Problem statement: Omit the pictures and return exactly the stretch of the material below from the line with "White House Black" through the line with "Retro Drive In Pattern Crewneck Sweatshirt".

Records to use:
■ ■ ■

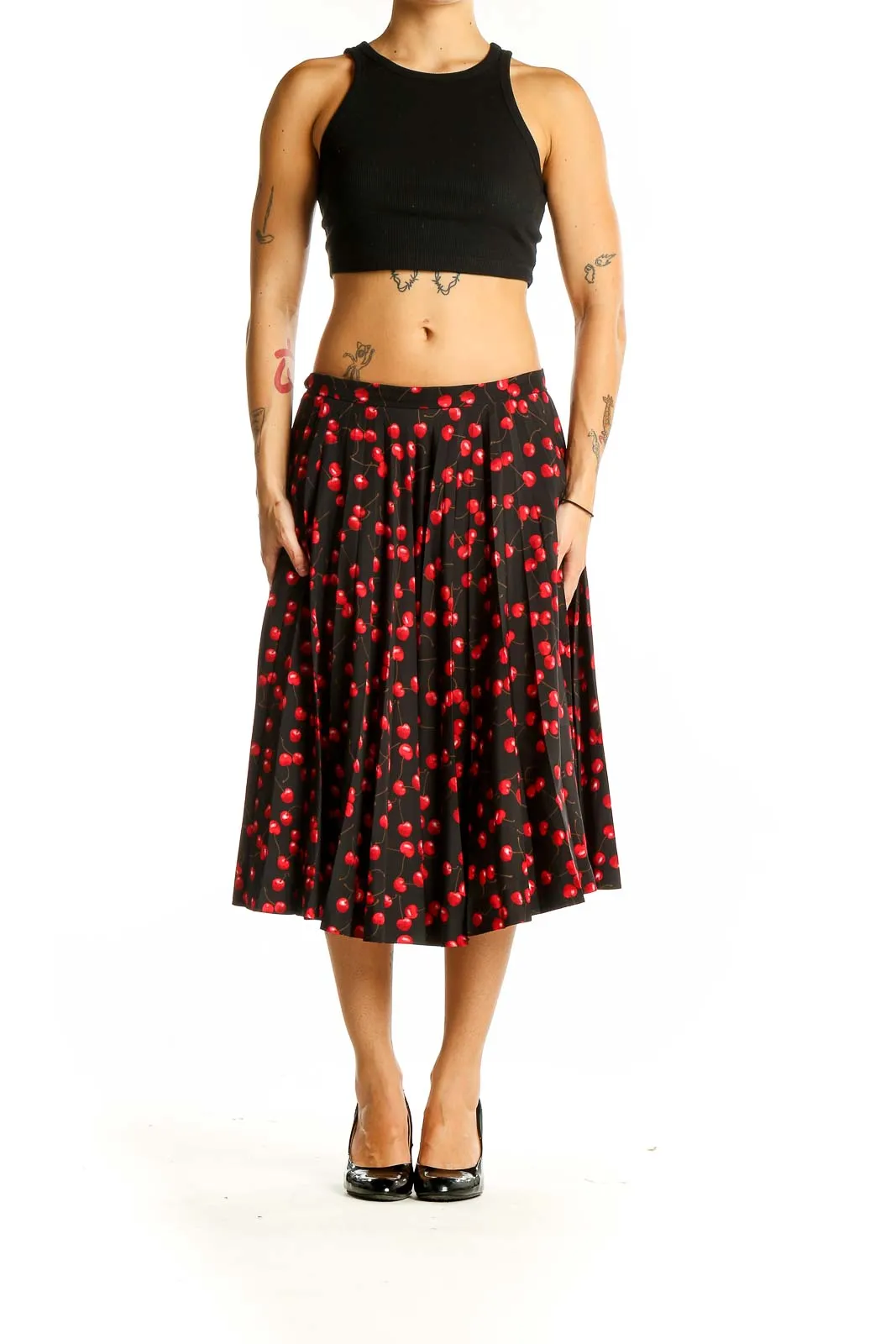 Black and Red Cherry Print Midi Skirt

■ ■ ■

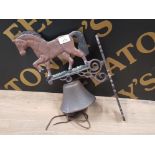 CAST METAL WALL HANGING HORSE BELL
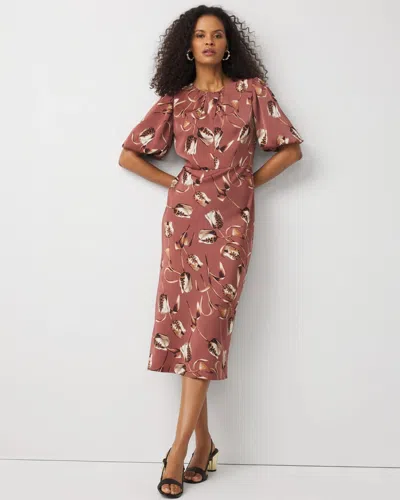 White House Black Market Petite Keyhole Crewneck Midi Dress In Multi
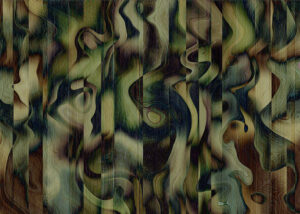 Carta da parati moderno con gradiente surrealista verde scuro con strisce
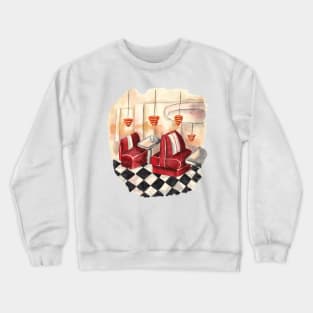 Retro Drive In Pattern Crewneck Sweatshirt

■ ■ ■

Exercise solution:
 White House Black Market Petite Keyhole Crewneck Midi Dress In Multi
 Carta da parati moderno con gradiente surrealista verde scuro con strisce
 Retro Drive In Pattern Crewneck Sweatshirt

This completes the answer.